Esta interpretação do mundo como horizonte de cada um dos atos e, consequentemente, dos correlatos objetivos correspondentes, foi obra da análise do fenômeno da percepção executada por Husserl nos quadros do desenvolvimento da doutrina da redução fenomenológica. Associada à ideia de horizonte aparece-nos a noção de mundo como fundamento universal de crença (universaler Glaubensboden) de toda a experiência (perceptiva) de objetos particulares. Ao referirmo-nos ao horizonte interno, caracterizamo-lo como horizonte de indeterminações, susceptível de ser determinado tanto mais rigorosamente, quanto mais se avançar no curso da experiência. O objeto situa-se no horizonte e este é fundamento do objeto, na medida em que esse objeto singular enraíza nele e a partir dele vai haurir novas determinações; o horizonte passa a substrato e o mundo, que podemos designar por horizonte interno absoluto, revela-se o terreno puro e simples do ser (der schlechthinige Seinsboden), suporte de todo o ente em geral, bem como de nós próprios.
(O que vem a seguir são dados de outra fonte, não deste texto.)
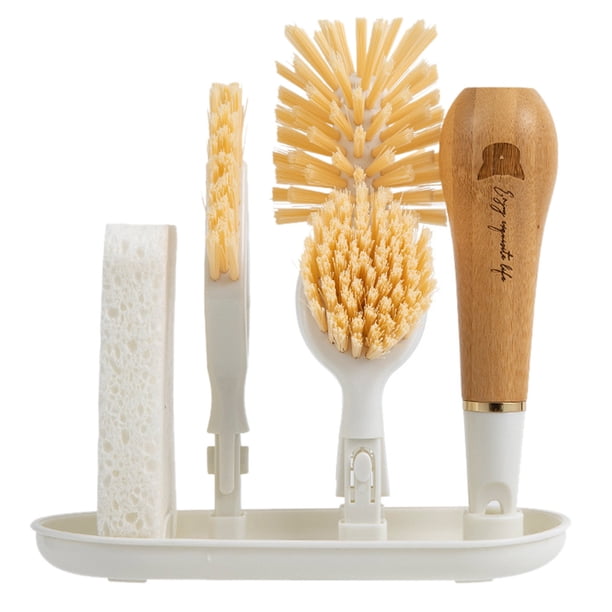 Gibobby Cepillo de limpieza de cabezales de una , de cepillo reemplazable, cepillo de cocina, cepillo de taza, cepillo de pulpa de , cepillo(Blanco)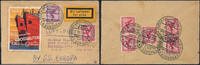 Briefmarken Katapult Dt. Reich Dampfer Europa Seepost kein Katapultflug USA 26 / 650 -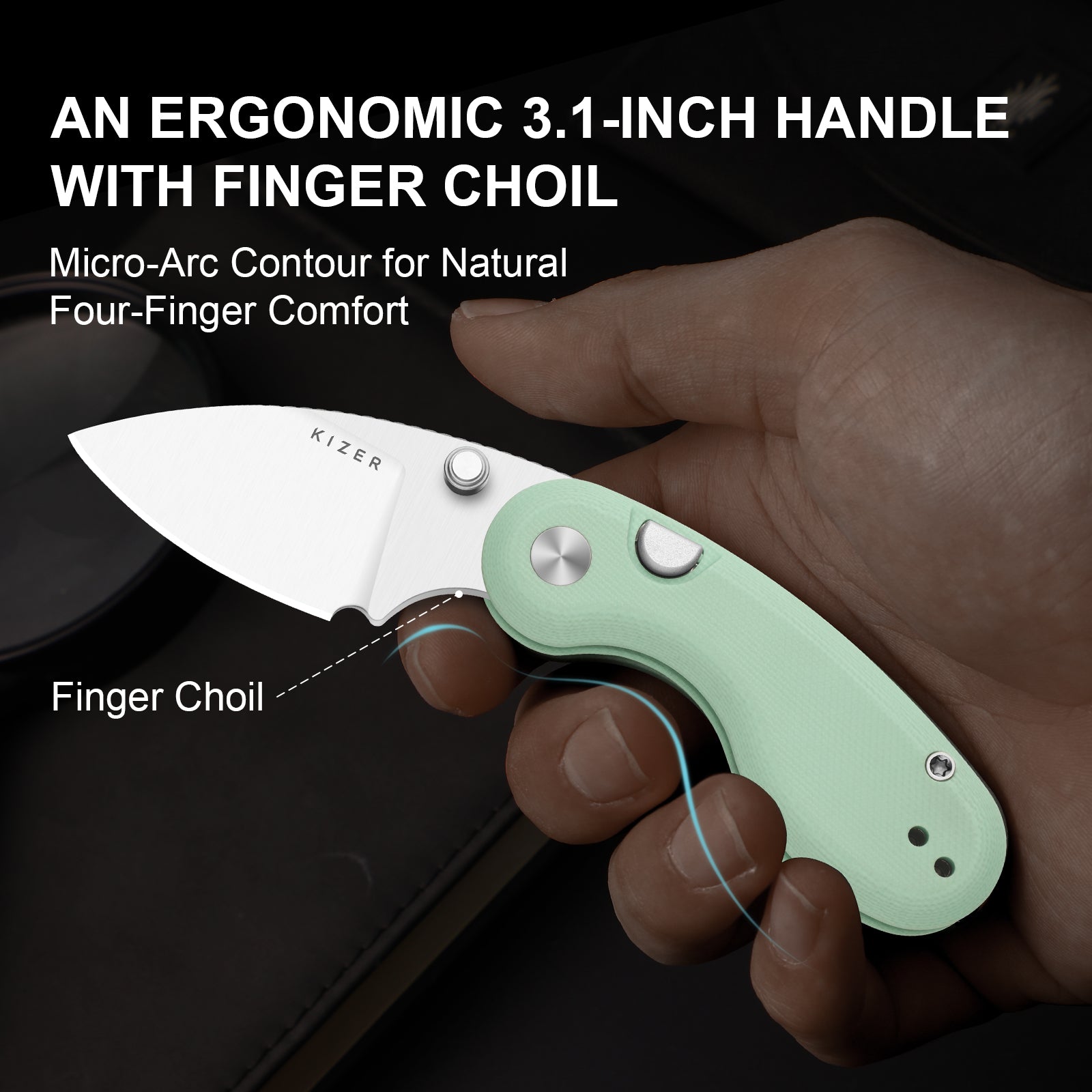 Microbe™ | Kizer Button Liner Lock™ | 14C28N | G10 | KizerV™ 2742A4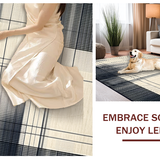 Contemporary White Patterned Surface(Beige)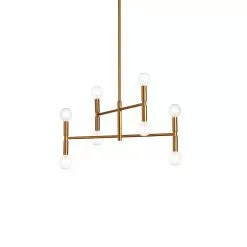 Dainolite Ava 8-Light Vintage Bronze Modern/Contemporary Chandelier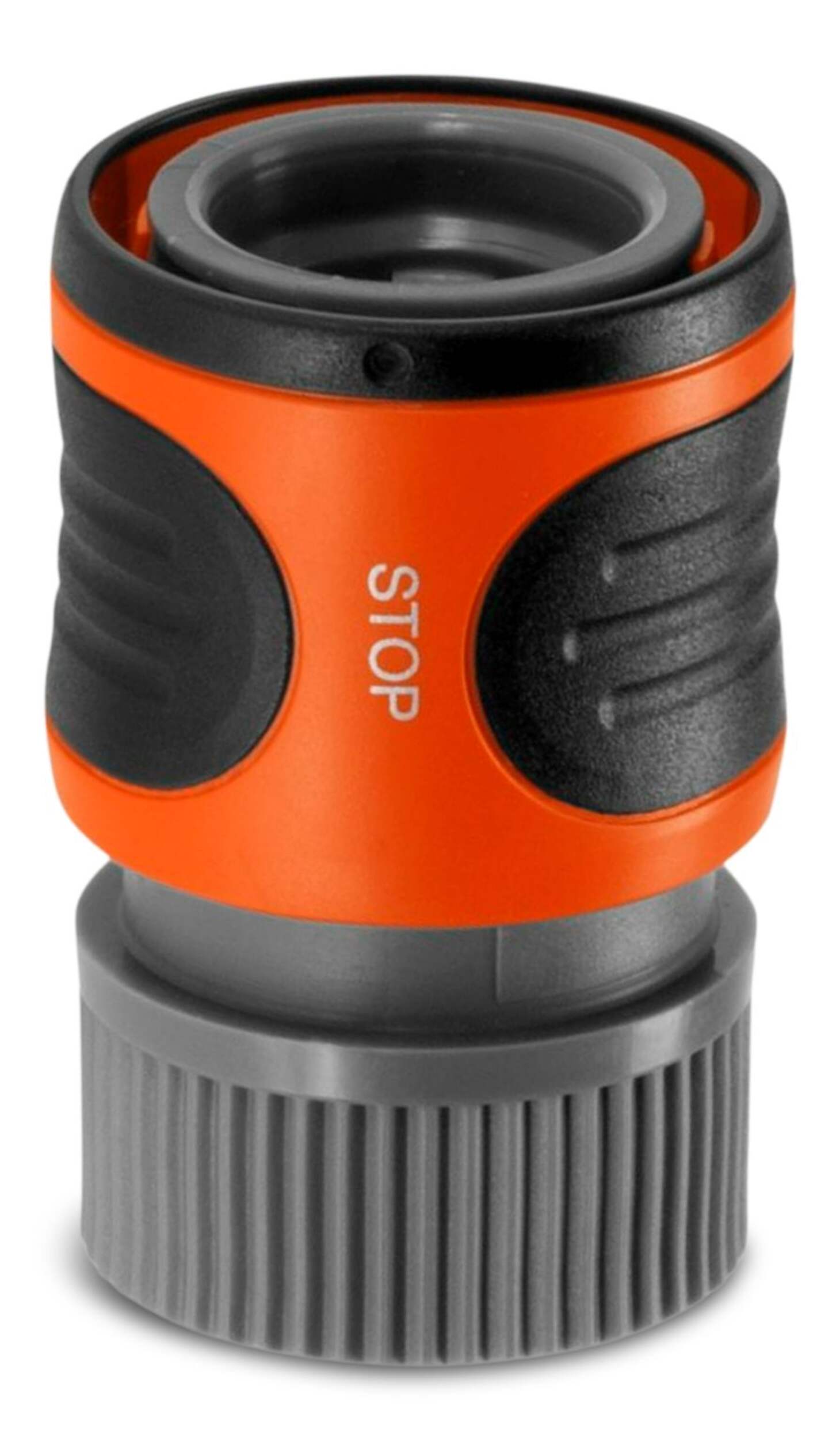 Gardena Classic Accessory End Hose Connector and Waterstop Front_Elevated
Este terreno ou substrato absoluto do ser é, em sentido privilegiado, o Allnatur, o universo dos corpos em relação ao qual cada um deles pode ser considerado como algo dependente (unselbständig), no sentido em que nenhum pode estar ’isolado’, uma vez que faz parte de um enquadramento universal, unidade concreta que se denomina mundo. Toda a consciência não consiste apenas em ser ’consciência de…’, mas, pelo menos implicitamente, é consciência de mundo (Weltbewusstsein), mundo esse que, no sentido fenomenologicamente mais primitivo, é o mundo das coisas sobre o qual todos os outros mundos se apoiam.